Correcting a P60 error
An incorrect P60 arises when the underlying payroll records contain an error: a wrong pay figure, an incorrect tax code applied, a missed statutory payment, or a student loan deduction made against the wrong plan. Correcting the P60 begins with correcting the payroll records and then reissuing the certificate marked "Replacement" [5].
The employer must not issue a second P60 for the same tax year and the same employment without the "Replacement" label, as duplicate documents create reconciliation problems for lenders and for HMRC. Where the error affects the tax or NI figures materially, the employer may also need to submit a corrected Full Payment Submission through Real Time Information to bring HMRC's records into alignment with the corrected P60 [3].
P60 and Payroll Software
The P60 is a downstream output of the payroll process. An employer who runs an accurate payroll throughout the year produces an accurate P60 automatically at year end. An employer whose payroll carries unresolved errors propagates those errors onto the employee's official year-end record.
Payroll software that holds the HMRC Recognised badge is required to generate P60s that match the current HMRC field specification, which is revised annually to reflect changes in statutory payment categories, threshold values and form layout [5]. The Moonworkers payroll API generates P60-compatible output as part of the year-end payroll close, with all six statutory payment fields populated and student loan deductions recorded by plan type.
Accountants and payroll bureaux managing multiple employer schemes benefit from a multi-client payroll platform that can produce and deliver P60s in bulk at year end without manual steps per employer.
Conclusion
The P60 is the year-end document that closes the PAYE record for every employee still in employment on 5 April. It is produced by the employer's payroll software, issued by 31 May, and relied upon by employees for mortgages, Self Assessment returns and benefits claims. The accuracy of the P60 depends entirely on the accuracy of the payroll run throughout the year.
The addition of Statutory Neonatal Care Pay to the mandatory P60 fields in recent years illustrates how the certificate keeps pace with expanding statutory obligations. Payroll software must remain aligned with the current HMRC field specification to ensure every P60 issued is complete and will be accepted by the third parties employees present it to.
Frequently asked questions
What is the difference between a P60 and a P45?
A P60 is issued annually to every employee still in employment on 5 April and covers the full tax year. A P45 is issued when an employee leaves a job and covers the period from 6 April to the date of departure. An employee cannot receive both documents from the same employer for the same period [6]. For a full explanation of the P45, see the Moonworkers guide to what a P45 is.
Does every employee get a P60?
Only employees still in employment on 5 April receive a P60 [1]. Employees who left during the tax year receive a P45 at departure instead. Employees on sick leave, maternity leave or parental leave who have not formally left employment are still in scope for a P60, regardless of whether they received taxable pay during the year.
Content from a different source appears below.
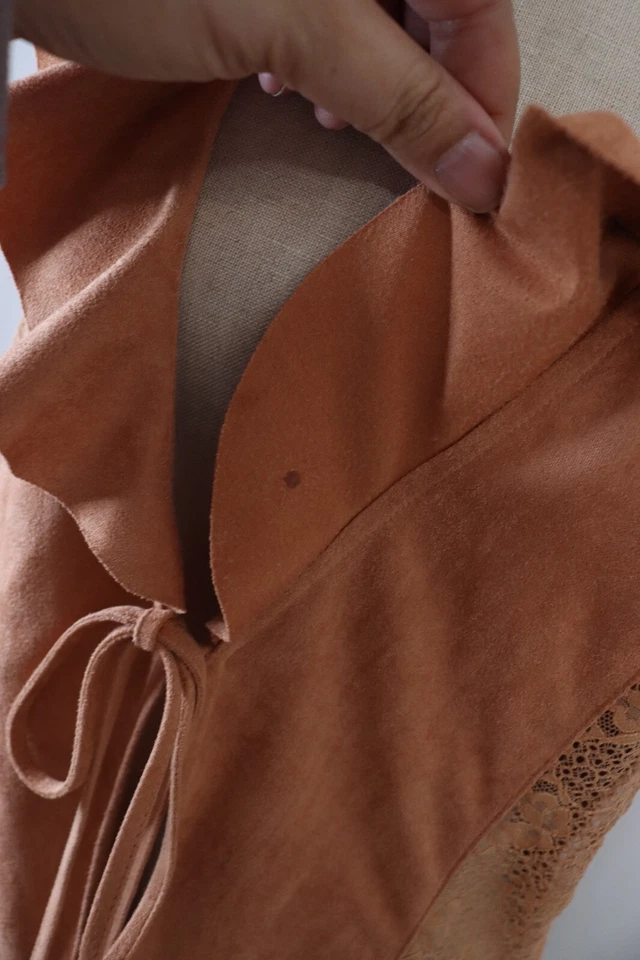 Chaleco Miss Me Poliéster/Nylon Cierre Corbata Medio DEFECTO (14) Foto 3 de 4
Can an employer issue a digital P60?
A digital P60 is fully legal in the UK and has been accepted by HMRC for a number of years [2]. The employer must ensure the employee can access, print or share the digital document as required. Most mortgage lenders now accept a PDF equivalent, provided it contains all mandatory fields. Some lenders may also request supporting payslips for the same period.
What should an employee do if their P60 shows the wrong income figure?
The employee should contact the employer's payroll team to identify the source of the discrepancy. Where the payroll records are wrong, the employer corrects the underlying payrun, submits any necessary Real Time Information amendments to HMRC, and reissues the P60 marked "Replacement" [5]. Where the employee believes the employer's records are correct but HMRC's own records differ, the employee can raise a query through the HMRC personal tax account or the Self Assessment telephone helpline.